§ Data to use
^^^^^^^^^^^^^^^^

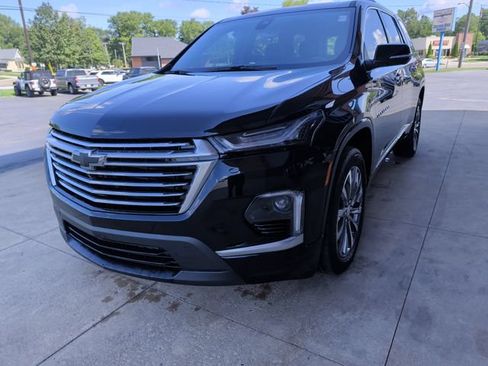 Used 2023 Chevrolet Traverse Premier w/ LPO, Floor Liner Package FWD image 5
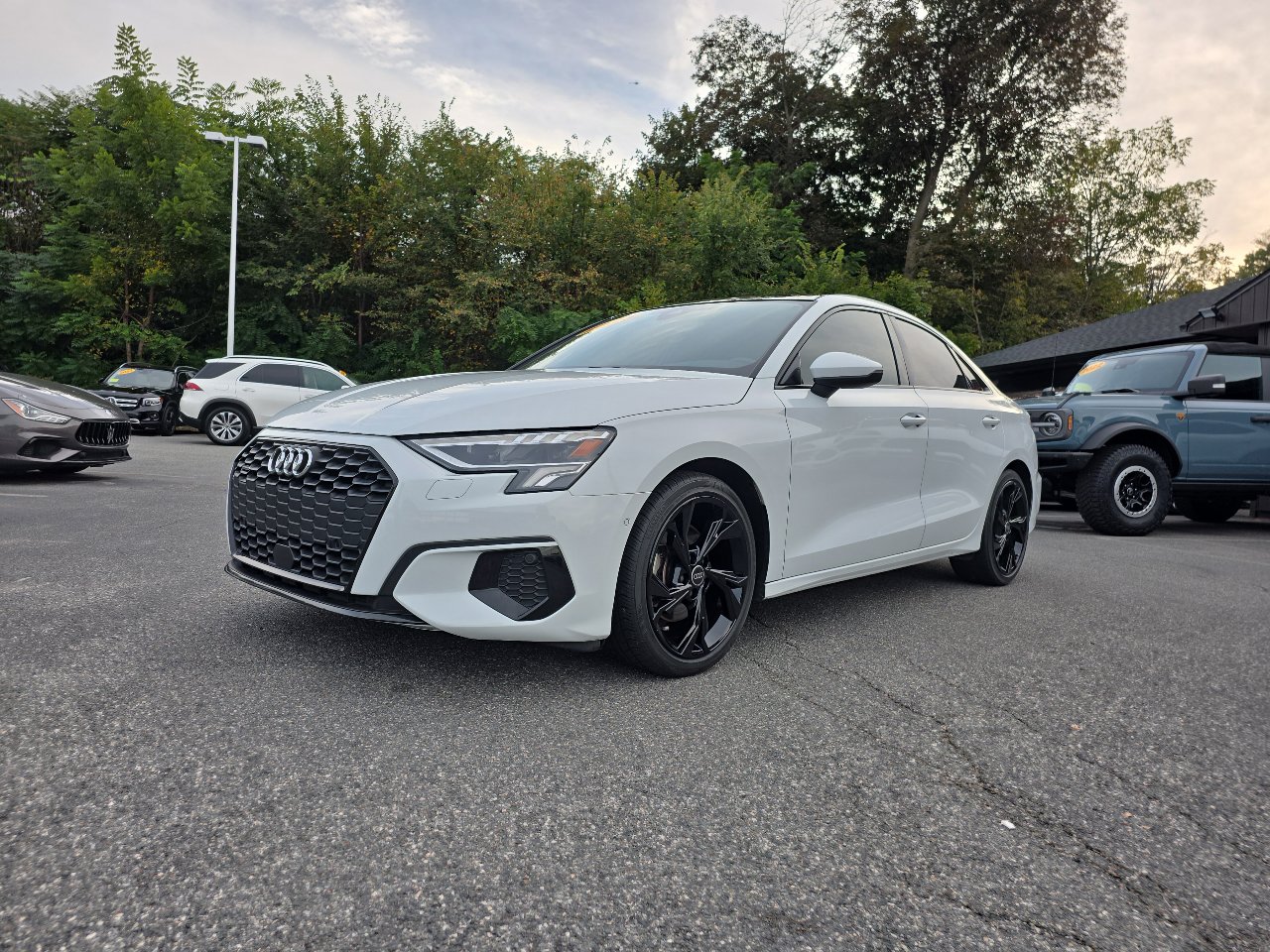 Used 2023 Audi A3 2.0T Premium w/ Convenience Package image 3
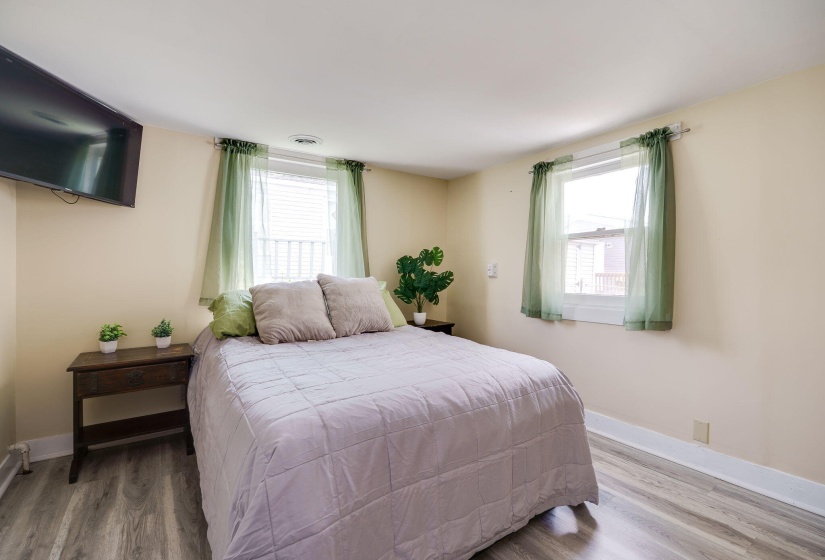 26-web-or-mls-315-e-jamestown-st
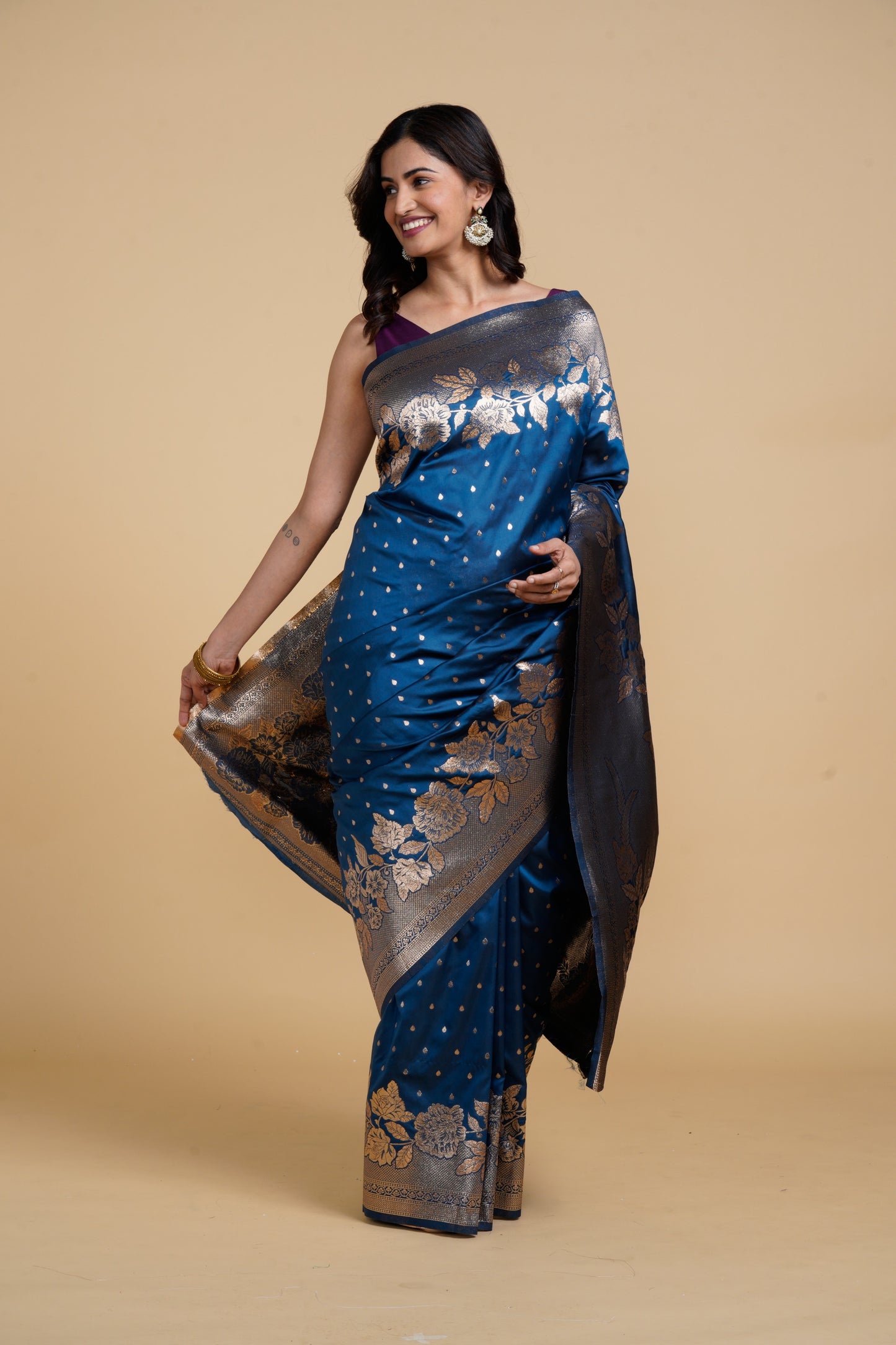 Divine Drapes Blue Motif Saree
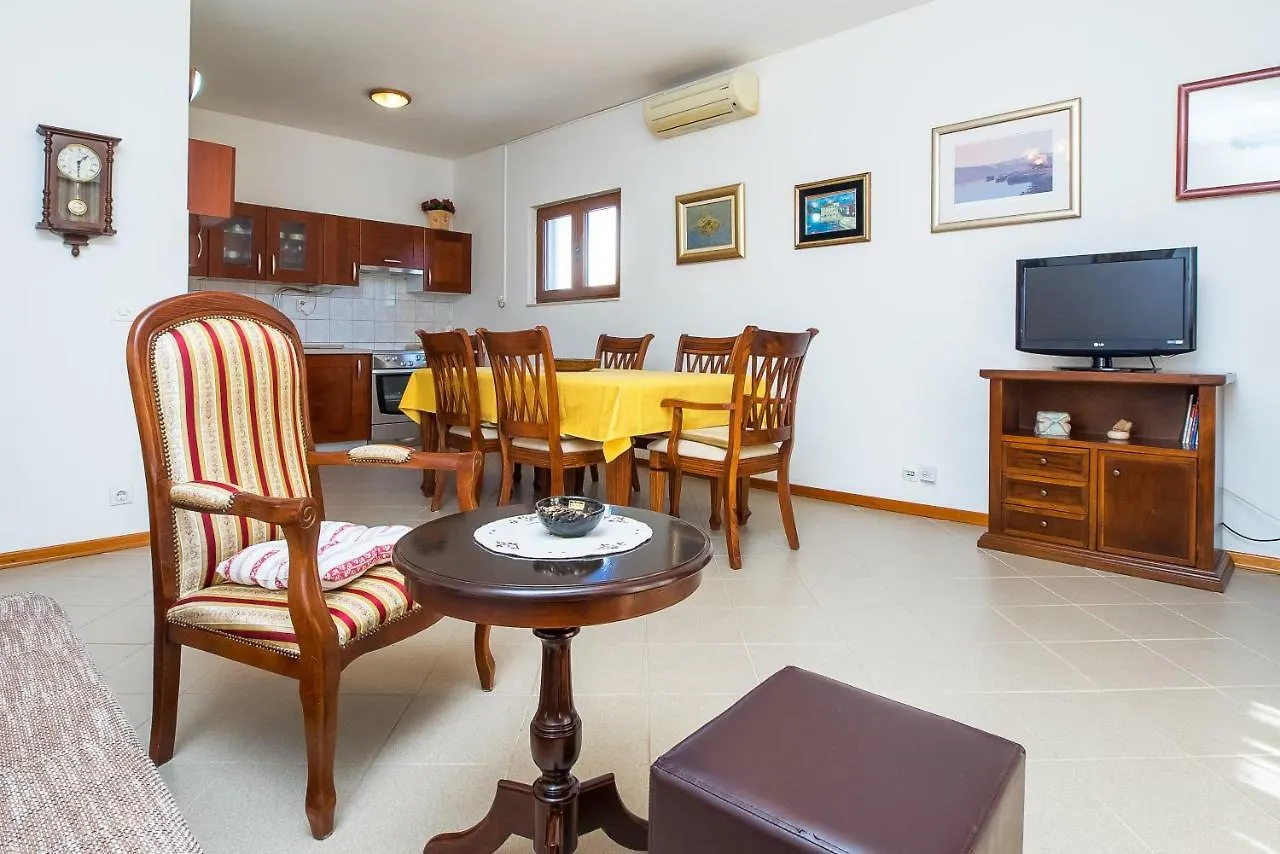 Apartment Olivera 0*, Trogir Croatia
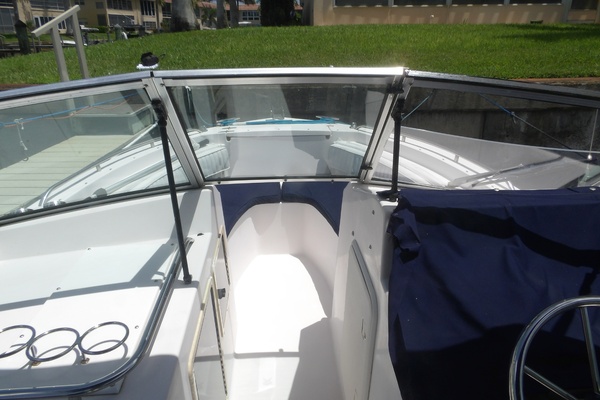22ft Grady White Yacht For Sale
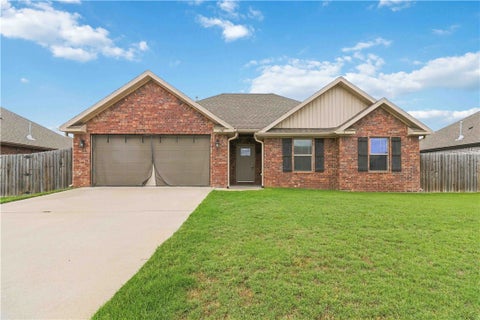 Photo of 1742 Charismatic Drive, Prairie Grove, AR 72753 (MLS # 1365486)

^^^^^^^^^^^^^^^^

§ Work instruction
Omit the pictures and return exactly the lines from the line containing "26-web-or-mls-315-e-jamestown-st" through the final line of the material above, both ends included.

§ Response box
 26-web-or-mls-315-e-jamestown-st
 Divine Drapes Blue Motif Saree
 Apartment Olivera 0*, Trogir Croatia
22ft Grady White Yacht For Sale
 Photo of 1742 Charismatic Drive, Prairie Grove, AR 72753 (MLS # 1365486)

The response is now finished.